Jayden Nixon is a member of HBHI's graduate institute. His interests include cultural competency and increasing healthcare occupational opportunities for people of color. 

Cultural competency is defined as “the ability of providers and organizations to effectively deliver healthcare services that meet the social, cultural, and linguistic needs of patients.” The topic of competency has become a promising throughline for critiques of the traditional patent-provider experience and new ways of providing quality care for people of all backgrounds.

As a member of HBHI’S inaugural graduate institute cohort, my mentor Dr. Manuel Hermosilla and I have been challenging this definition. Each variation on the definition that we found lacks crucial components or is simply too broad. They don’t capture the story behind each patient-provider relationship, and they don’t give any insight into how to rebuild bridges from institutional mistrust. With the help of Dr. H and HBHI, I’ve gone on a personal mission to better define cultural competency in healthcare by connecting with professionals who have dedicated their lives to actualizing equity in medicine. In doing so, here is some of the most sagacious insights from the experience.

1. Competency in healthcare is as important for providers as it is for patients.
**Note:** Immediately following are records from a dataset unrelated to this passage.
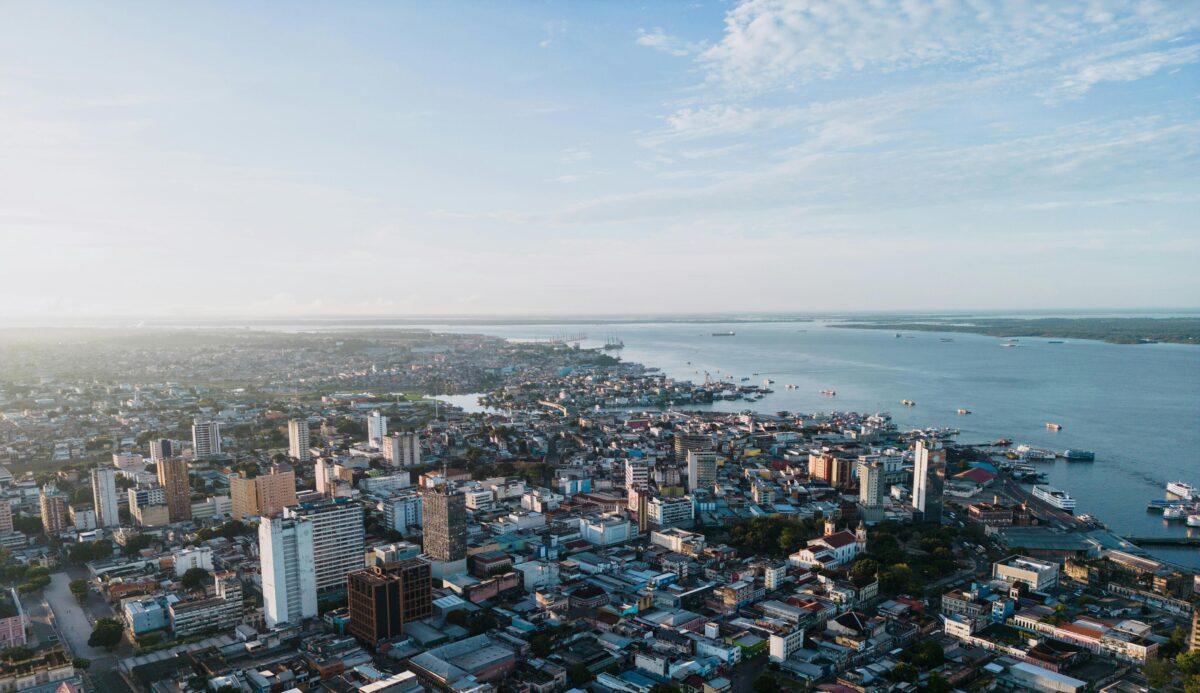 Vista aérea de Manaus com o Rio Negro ao fundo, mostrando prédios, porto e área central da cidade.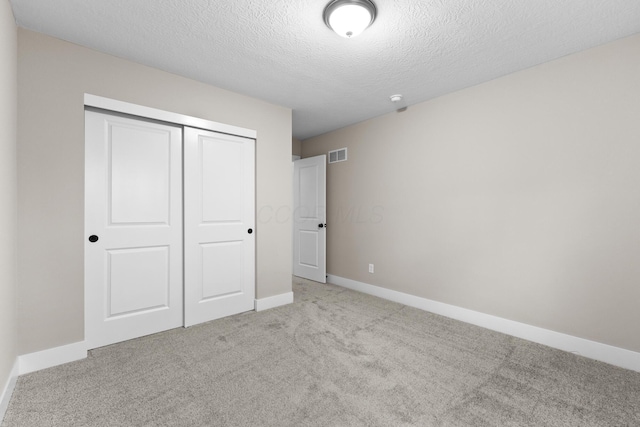 1206 Clover St, Sunbury, OH 43074 - unfurnished bedroom featuring carpet floors, a textured ceiling, baseboards, visible vents, and a closet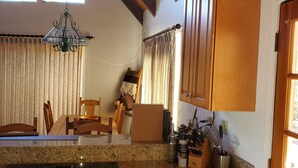 A kitchen with wooden cabinets, a granite countertop, a stainless steel stove, and a chandelier. - Serenity View, Peaceful & Cheerful 3BD Cabin. (Groveland)
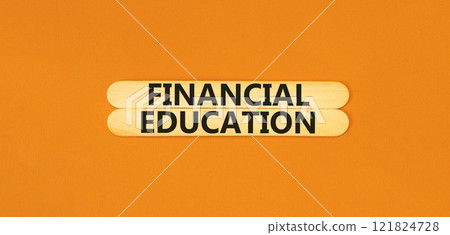 Financial education symbol. Concept words Financial education on beautiful wooden stick. Beautiful orange paper background. Business Financial education concept. Copy space. Financial education symbol. Concept words Financial education on beautiful wooden stick. Beautiful orange paper background. Business Financial education concept. Copy space. 121824728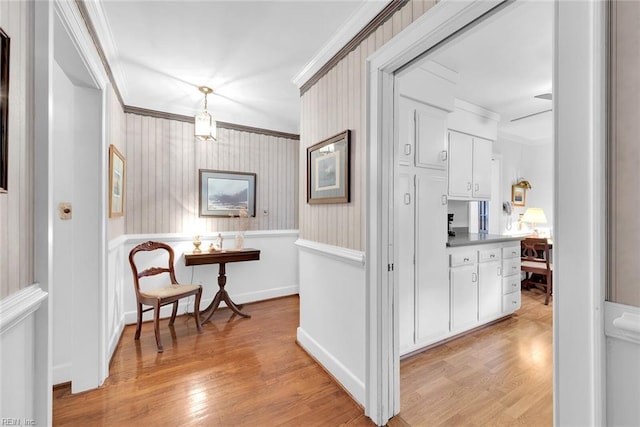 hall with light hardwood / wood-style floors and crown molding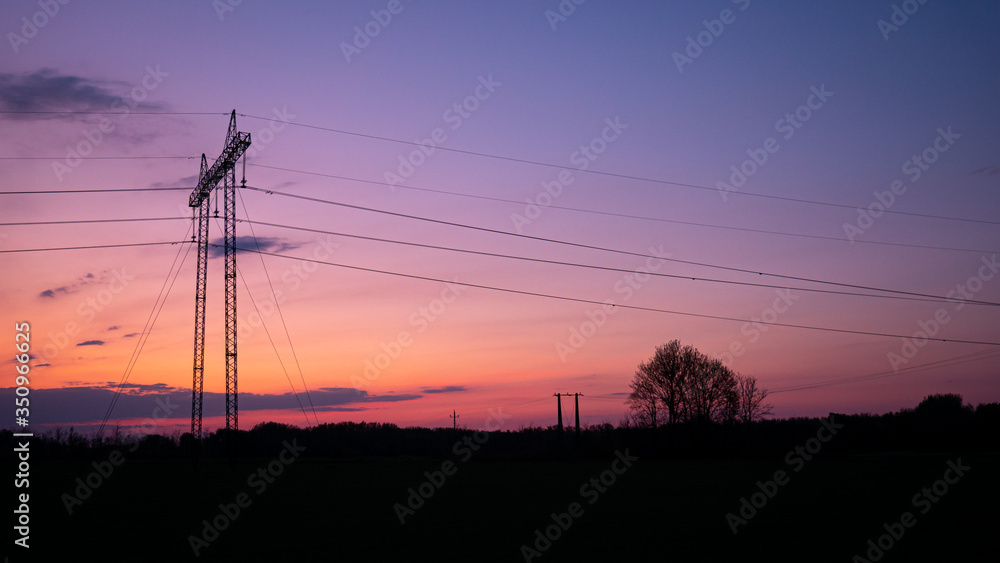 Silhouette of high voltage electric tower at beautiful sunset with dramatic clouds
This came up in my first interview with Dr. China Scherz, a cultural and medical anthropologist at the University of Virginia. In her research, she has focused heavily on two struggling phenomena, alcoholism in Uganda, and the opioid epidemic in Tennessee. In both places, she’s found that religion, more specifically Pentecostal Christianity, has played a major positive role in healing those that suffer from addiction. With hope as its fuel, the culture of Pentecostal Christianity has given both providers and patients an uplifting framework with spiritual warfare as the driver for change. According to Dr. Scherz. In Pentecostalism, addiction resembles a demon that can be exorcised; not a clinical diagnosis that haunts the individual for life. Therefore, those who experience addiction can have it removed from their being entirely. Restructuring one's identity from addiction inspires recovery for those who have struggled with addiction as the community around them is more than willing to give them the support they need without fear of relapsing. In addition to positively reframing addiction, Dr. Scherz and her colleagues coined the term, structural competency, which is something I had never heard before. Structural competency is defined as the trained ability to discern how a host of issues defined clinically as symptoms. It also represents the downstream implications of a number of upstream decisions about these systems. This new framework for delivering care takes the essence of cultural competency and pinpoints the actionable issues behind it to generate direct solutions, thus improving the quality of care for both patients and providers.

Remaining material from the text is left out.